GIVEN MATERIAL:
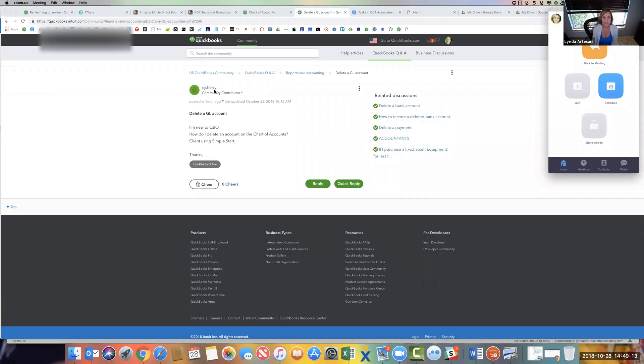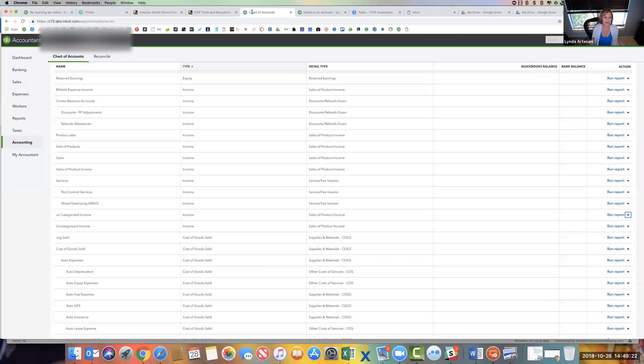And it's asked by NJ Sherry, delete a GL account. New to QBO, how do I delete an account on the chart of accounts? The client's using Simple Start. So I've got a Simple Start account open. And you can see here, I've got two accounts here, uncategorized income. This is one of those default accounts you can't delete.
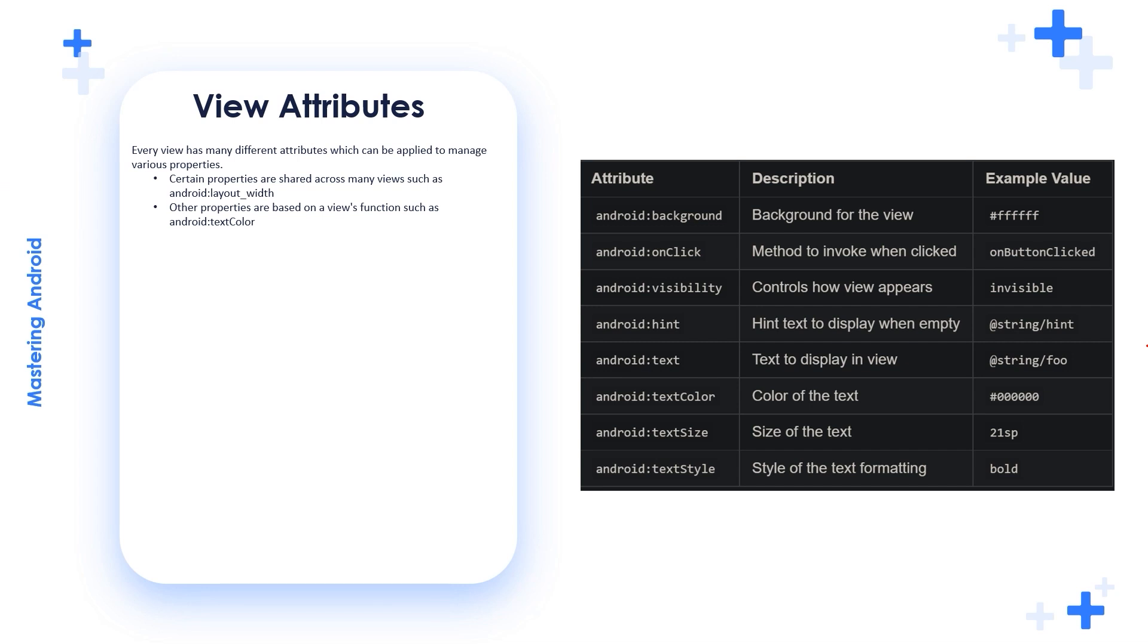So you can think about there are common attributes shared among all the views and there are other properties every view contains or every view contains its own property.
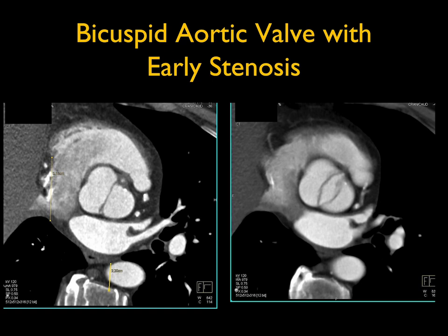Case 3 is a nice example showing why gated acquisitions are really useful for looking at the aortic root and aortic valve. Gated acquisition helps avoid overcalling dissection when it's simply motion artifact. With gated acquisitions you can see the aortic valve — take the coronal view, put a line right through the aortic root, and you can look directly at the aortic valve.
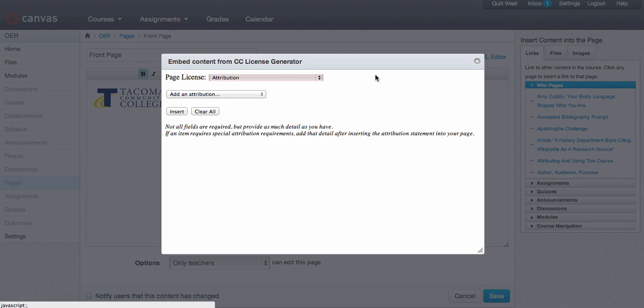In order to work the CC license generator, please see the next video.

TASK ITEM:
For each line above, output its wording exactly and leave out any picture.

COMPLETED TASK:
And it's asked by NJ Sherry, delete a GL account. New to QBO, how do I delete an account on the chart of accounts? The client's using Simple Start. So I've got a Simple Start account open. And you can see here, I've got two accounts here, uncategorized income. This is one of those default accounts you can't delete.
So you can think about there are common attributes shared among all the views and there are other properties every view contains or every view contains its own property.
Case 3 is a nice example showing why gated acquisitions are really useful for looking at the aortic root and aortic valve. Gated acquisition helps avoid overcalling dissection when it's simply motion artifact. With gated acquisitions you can see the aortic valve — take the coronal view, put a line right through the aortic root, and you can look directly at the aortic valve.
In order to work the CC license generator, please see the next video.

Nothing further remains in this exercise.